From: Ruszlan Gaszanov (email@example.com)
Date: Sun Jan 21 2007 - 14:25:08 CST
> When I implemented collation, I needed to define code points for
> the various contractions that can occur. To avoid clashing with
> any private use code points, I chose to start allocating the con-
> tractions at 0x110000. This has worked quite nicely.
Obviously, there are ways to avoid using PUA code points for application-internal purposes if you make a point of it. But that's not my point...
The problem is that there is *nothing* in the current standard that says applications can't use any PUA code point as they please, so many applications use them for different things.
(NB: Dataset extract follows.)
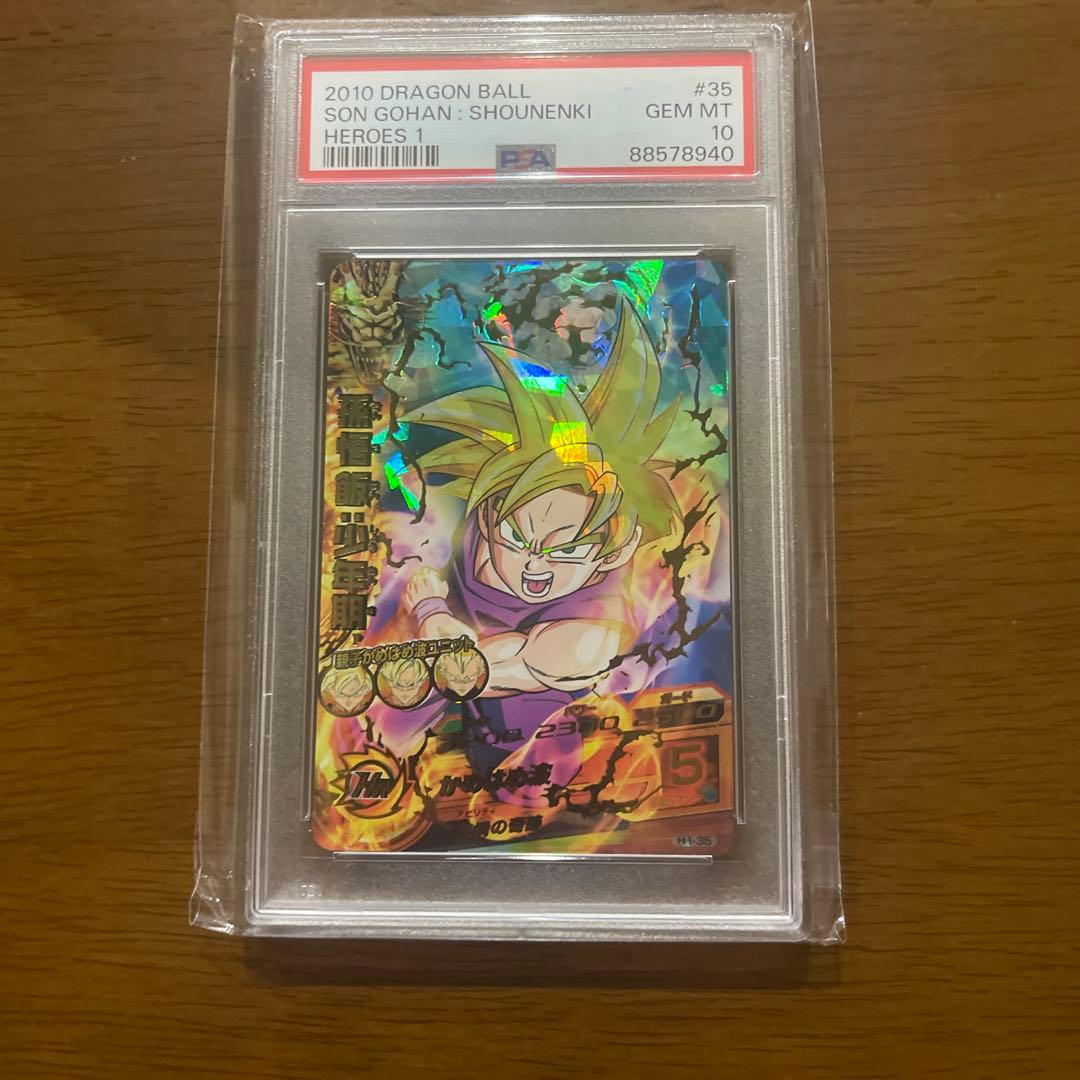 ドラゴンボールヒーローズh1-35 孫悟飯psa10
Regardless of what you or I think of it, such use of PUA is already a well established praxis among major software vendors (like Microsoft, Apple, Adobe etc.). Some info on such uses can be found here:
So why can't the standard say to the developers:
"You want to use PUA for application-internal purposes, fine... but use specially designated ranges and don't mess with the rest." Then those who encode private characters in PUA would be officially advised to avoid those "dirty areas" lest they wish to risk compatibility issues on one hand, and guaranteed that no future standard-compliant application will mess with their PUA characters in the "clean areas" on the other hand.
Of course, the standard could prohibit using PUA for application purposes altogether, but that would oblige major software vendors to rewrite a good deal of their code - so there's a good chance they'll simply ignore such requirement. So, I think it would be much more sensible to put a sort of "warning sign" on the ranges where such use is already well-established and prescribe the developers to keep the rest of PUA "clean" if they want to claim standard compliance.